OBWC: Yes to Publics, No to Privates

Have you ever seen one of those television segments where a monkey is brought in to make stock picks alongside Wall Street analysts? The monkeys occasionally prevail, which makes for the most compelling pseudo-business programming since CNBC launched the Dennis Miller show. 

I actually haven’t seen one in a while, perhaps because the trained monkeys have been on loan as consultants to the Ohio Bureau of Workers’ Compensation. This is the scandal-plagued system that late last year fired all of its public equity managers and decided to sell off its entire private equity portfolio (second-round bids due later this week). All that remained was fixed income, due to a fundamentalist adoption of risk aversion. 

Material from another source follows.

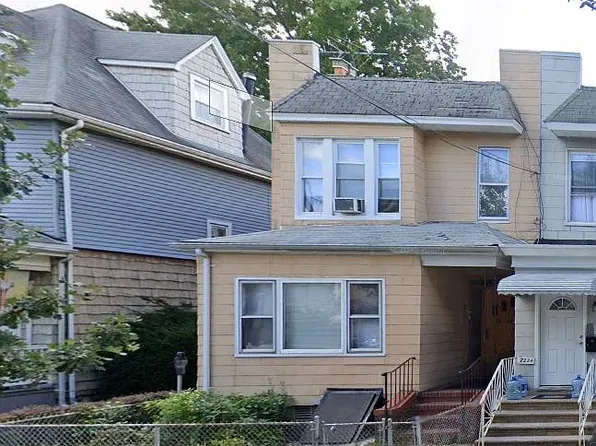 7226 73rd St, Ridgewood, NY 11385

Now, however, word comes that OBWC will tepidly reenter the public equities market on the advice of both Wilshire Associates and the monkeys (after all, do you really need humans to suggest that public equity might aid in portfolio diversification?). No such luck for private equity, however. An system spokeswoman said that Wilshire did not recommend private equity, and that OBWC still views the asset class as too illiquid for a workers’ compensation organization (i.e. non-pension). Per usual at OBWC, return-on-investment is not a terribly important consideration. Nor is the notion that private equity could actually be a bit more liquid – via secondaries – if the system followed its own rules for portfolio management (which it historically has not done, according to a recent State Auditor’s report). 

It also is worth noting that the OBWC private equity disclosure lawsuit is still ongoing. It is true that the result likely doesn’t matter for OBWC GPs, since ithe OBWC private equity portfolio probably will be sold before any ruling. The case does, however, still hold significant implications for both Ohio PERS and Ohio Teachers, both of which remain in the private equity market. If full disclosure is mandated, both of those systems will be forced out of future deals and into fire sales of existing assets. 

The hope here is that the Dayton Daily News and other such media outlets will reach an out-of-court compromise like the one reached in California between CalPERS and the Mercury News. Accept top-line fund performance information – and maybe even portfolio company names – without insisting on the underlying financials. Neither OBWC nor the Ohio AG has any skin in this game (since he lost the GOP gubernatorial primary), and neither Ohio PERS nor Teachers has acted in a way that would justify suspicions of impropriety. So let it rest. Allow at least some public employees in Ohio to benefit from private equity’s strong returns, even if OBWC no longer sees fit to do so.